The task was not an easy one. The object of the Reformation was to raise a spiritual temple, wherein troubled souls might find a refuge; and Calvin saw rash hands presuming to make it a receptacle for every error, and, in his own energetic language, 'a den for murdering souls.' He stood forth, therefore, to maintain the apostolic doctrine, and contended that Christ, who called himself the only Son of God, was a son, not like believers, in consequence of adoption; not like the angels, because of their communion with the Lord; but in the proper sense: and that if the son of a man has the nature of a man like his father, Jesus, the only Son of God, has in like manner the nature of God.
It was a question that seriously occupied many minds at this period. Servetus did not stand alone; other doctors, as Hetzer, Denck, Campanus, and Joris, had professed analogous errors. One universal cry was heard among the reformers when they saw Christ's divinity attacked. Luther had declared that 'this little spark would cause a great conflagration;'[181] Zwingle had demanded that 'this false, wicked, and pernicious doctrine' should be opposed by every means;[182] and even the moderate Bucer, forgetting his christian gentleness, had gone so far as to declare from the pulpit that 'a man like Servetus deserved to have his bowels plucked out and his body torn to pieces.'[183] Calvin resolved to accept Servetus's invitation. These two young men, born in the same year, gifted each of them with marvellous genius, unshakeable in their convictions, are about to enter the lists. What blows they will deal each other! What a struggle! Which will come off conqueror? If Luther, Zwingle, and Bucer are so animated, what will Calvin be? He was the one who showed the most moderate sentiments with regard to Servetus.

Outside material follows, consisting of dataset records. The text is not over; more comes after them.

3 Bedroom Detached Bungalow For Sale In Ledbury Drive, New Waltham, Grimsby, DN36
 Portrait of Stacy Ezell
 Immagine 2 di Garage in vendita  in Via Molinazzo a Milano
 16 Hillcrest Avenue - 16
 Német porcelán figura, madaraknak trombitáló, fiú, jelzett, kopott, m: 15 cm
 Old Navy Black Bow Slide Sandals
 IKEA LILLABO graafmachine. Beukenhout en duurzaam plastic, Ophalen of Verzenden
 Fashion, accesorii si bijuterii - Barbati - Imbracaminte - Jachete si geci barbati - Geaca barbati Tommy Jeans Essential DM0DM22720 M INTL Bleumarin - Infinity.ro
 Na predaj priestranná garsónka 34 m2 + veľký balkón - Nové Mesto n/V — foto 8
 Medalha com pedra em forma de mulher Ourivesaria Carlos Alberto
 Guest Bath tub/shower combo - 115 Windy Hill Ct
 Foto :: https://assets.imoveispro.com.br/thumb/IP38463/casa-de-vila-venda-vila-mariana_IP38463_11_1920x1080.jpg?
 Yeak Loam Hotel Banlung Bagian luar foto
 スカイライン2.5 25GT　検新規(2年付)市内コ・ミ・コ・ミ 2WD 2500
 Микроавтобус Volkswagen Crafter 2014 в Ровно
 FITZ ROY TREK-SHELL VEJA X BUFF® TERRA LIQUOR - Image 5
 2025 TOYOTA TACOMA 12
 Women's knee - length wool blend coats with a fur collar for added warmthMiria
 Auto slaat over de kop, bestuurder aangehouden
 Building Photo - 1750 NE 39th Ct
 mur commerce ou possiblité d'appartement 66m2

Alas! why did he not continue so to the last? 'I will do all in my power to cure Servetus,' he said.[184] 'If I show myself in public, I know that I expose my life; but I will spare no pains to bring him to such sentiments, that all pious men may be able to take him affectionately by the hand.'[185] Justice requires that we should take account of these feelings of Calvin with regard to Servetus.
=A DISCUSSION APPOINTED.=
The discussion was therefore resolved upon, and a certain number of friends were invited to be present. The time and place were settled, and when the day arrived, Calvin quitted De la Forge's house, and, proceeding down the Rue St. Martin to the Rue St. Antoine, found himself at the appointed hour at a house in this latter street, which had been selected for the colloquy. Servetus had not come, and Calvin waited for him; still the Spaniard did not appear, and the Frenchman was patient. What was the cause of his delay? Had Lieutenant-criminal Morin obtained information of the meeting, and was he preparing to catch the two young leaders by one cast of his net? After waiting for some time to no purpose, Calvin withdrew.[186] Servetus, who lived as a catholic in the midst of catholics, and made no scruple of taking part in the worship of the Roman church, probably feared that a public discussion with Calvin would make him known, and expose him to serious danger.[187]